BRISBANE, Australia — Australian states and territories are being urged to step up on community and social housing.
House prices are surging, affordability is worsening, and dozens of people turn up for rental inspections in cities and across regional Australia.
Critics say the budget did little to help the rising crisis, but the federal housing minister is shifting blame to the states.
“The states and territories will need to do more work to meet some of the needs,” said Michael Sukkar, Assistant Treasurer and Minister for Housing. “We have got first home buyers at really elevated levels, which is good news.”
Owner-occupiers now make up three-quarters of the market, compared to just a couple of years ago, when investors took the lion’s share.
Sukkar said jumping the deposit hurdle was the primary problem for getting people into homeownership.
A new family home guarantee will allow single parents to purchase a home with a two percent deposit.
Sukkar defended the government’s credentials on affordable housing, saying more than AU$8 billion ($6.17 billion) a year was being spent on rentals.
“Not one-off spending, AU$8 billion ($6.17 billion) every year of recurrent spending, AU$5.5 billion ($4.24 billion) towards Commonwealth rental assistance, which helps people in social and affordable housing, by giving them a payment towards their rent,” he said.
The National Housing Finance and Investment Corporation partners with community housing providers to build social and affordable housing in cities and country towns.
It raises money at lower rates from the bond market for not-for-profit community housing providers, which Sukkar said had supported 6500 dwellings.
“We announced an additional AU$125 million ($96 million) to support state and territories in meeting those obligations and helping them increase their stock of social and affordable housing.”

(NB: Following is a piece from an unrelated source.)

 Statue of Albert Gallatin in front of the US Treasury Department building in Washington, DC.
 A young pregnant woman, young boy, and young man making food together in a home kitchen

As per reports by the Parliament of Australia, housing supply in Australia has not kept up with underlying demand—that is, the need for new housing stock as a result of population growth and trends in household formation. This has resulted in an estimated shortfall of almost 180 000 dwellings and contributed to significant levels of housing stress, especially among low-income households.
“In 2007–08 over 300 000 lower-income home buyers and 445 000 lower-income households renting privately were in housing stress,” states the report.
“Many households have been effectively excluded from all but the lower end of the private housing rental market and are spending ever-increasing proportions of their limited income on housing. While they may receive some support through government-provided rent assistance, this assistance has not kept pace with rental prices in many parts of Australia.”